▶ _Web page caption snippets_

|---|

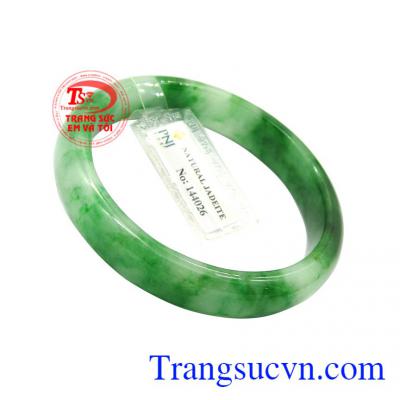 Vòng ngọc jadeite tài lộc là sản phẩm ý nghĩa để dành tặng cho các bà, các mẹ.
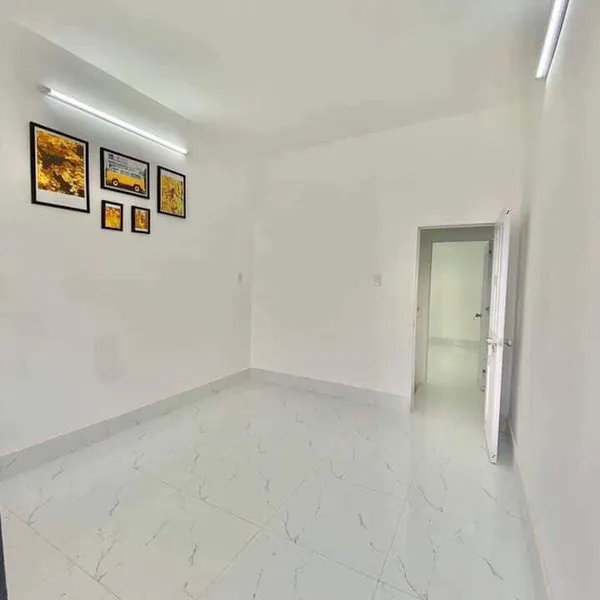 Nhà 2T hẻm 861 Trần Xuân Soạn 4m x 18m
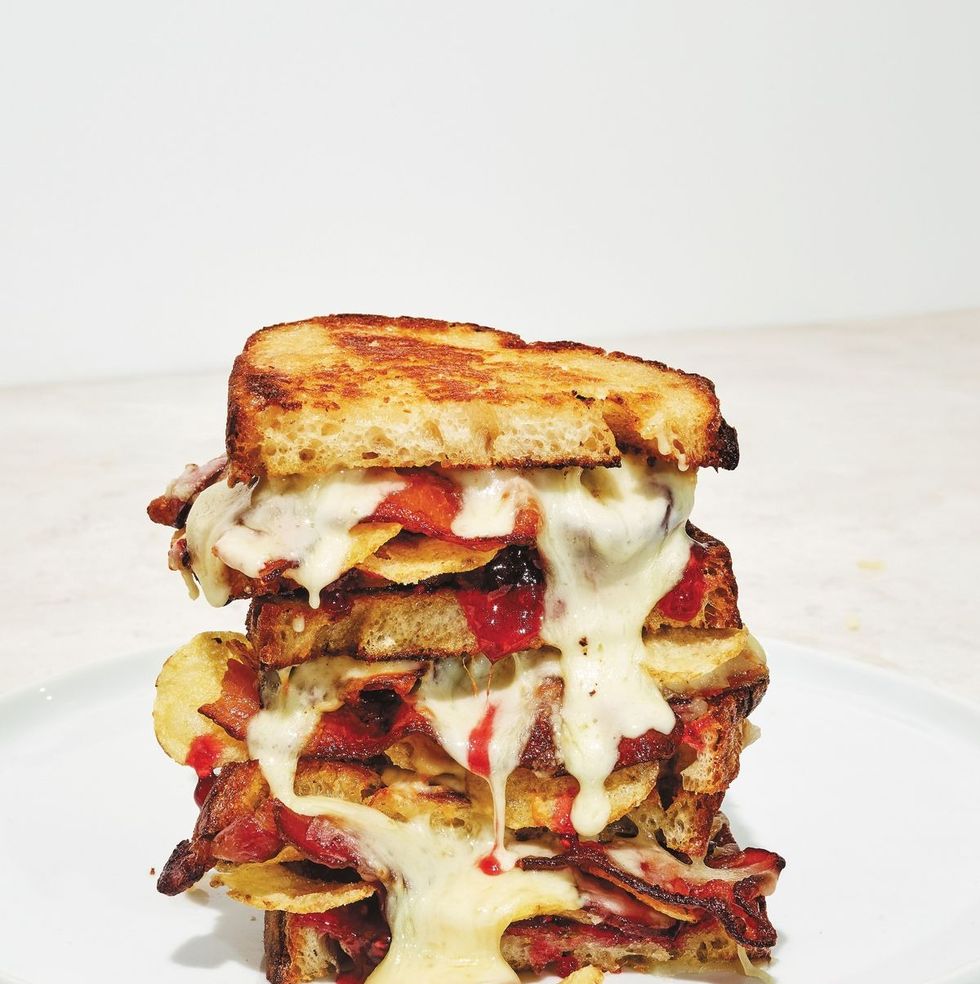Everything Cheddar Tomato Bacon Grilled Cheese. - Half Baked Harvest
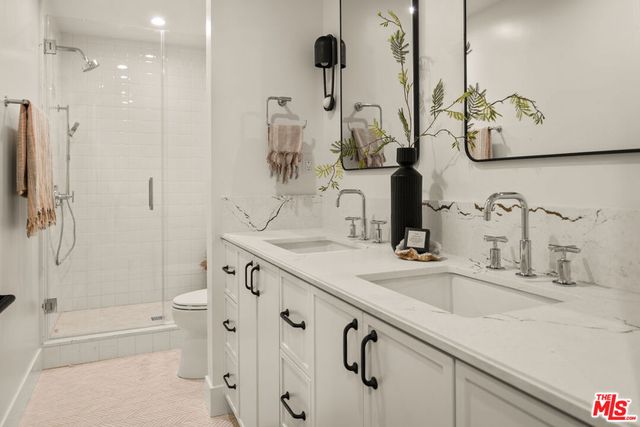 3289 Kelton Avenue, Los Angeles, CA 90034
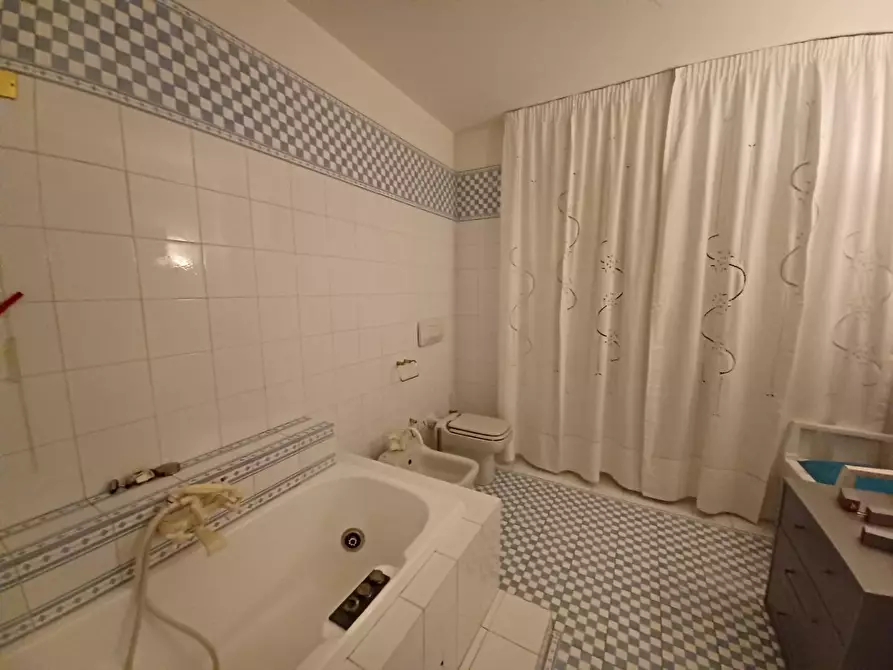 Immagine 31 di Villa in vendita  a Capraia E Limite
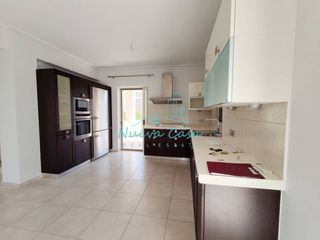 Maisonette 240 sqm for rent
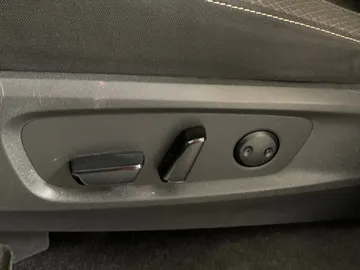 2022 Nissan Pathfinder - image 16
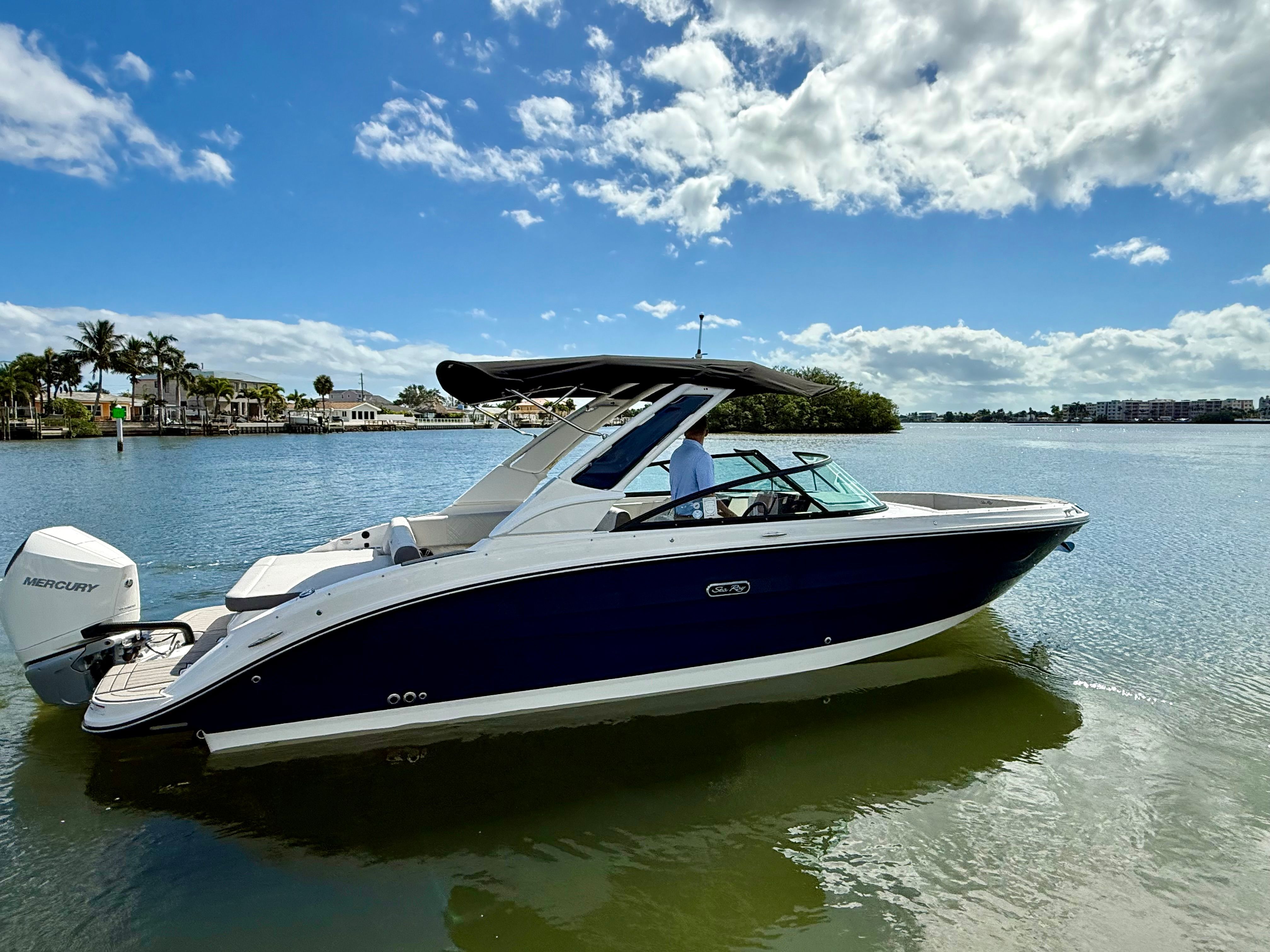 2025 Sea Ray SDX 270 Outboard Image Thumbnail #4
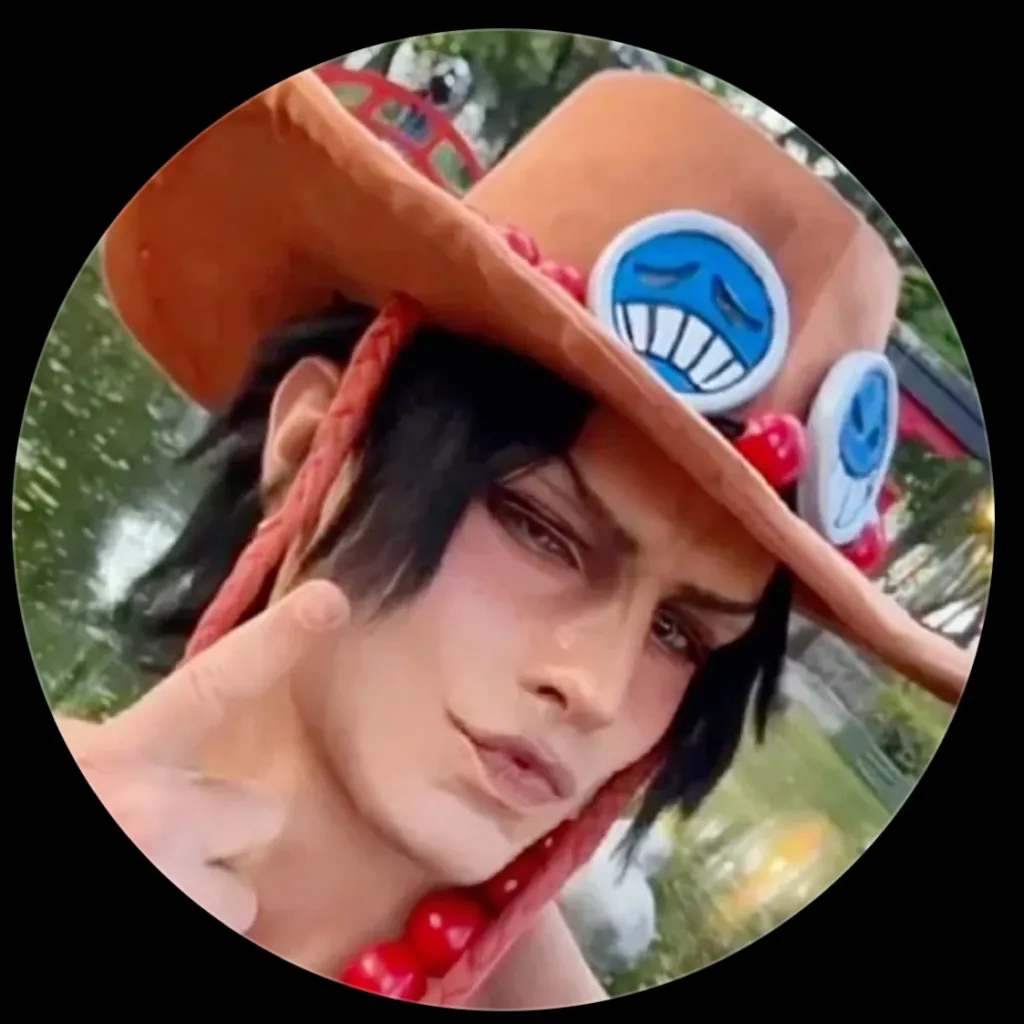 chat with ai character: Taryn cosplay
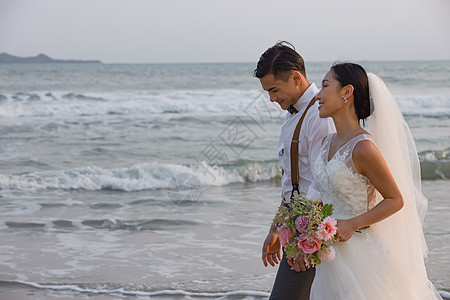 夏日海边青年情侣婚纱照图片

|---|

▶ _Exercise goal_
Only an exact copy of the records, free of images, belongs in the answer.

▶ _Exercise solution_
 Vòng ngọc jadeite tài lộc là sản phẩm ý nghĩa để dành tặng cho các bà, các mẹ.
 Nhà 2T hẻm 861 Trần Xuân Soạn 4m x 18m
Everything Cheddar Tomato Bacon Grilled Cheese. - Half Baked Harvest
 3289 Kelton Avenue, Los Angeles, CA 90034
 Immagine 31 di Villa in vendita  a Capraia E Limite
 Maisonette 240 sqm for rent
 2022 Nissan Pathfinder - image 16
 2025 Sea Ray SDX 270 Outboard Image Thumbnail #4
 chat with ai character: Taryn cosplay
 夏日海边青年情侣婚纱照图片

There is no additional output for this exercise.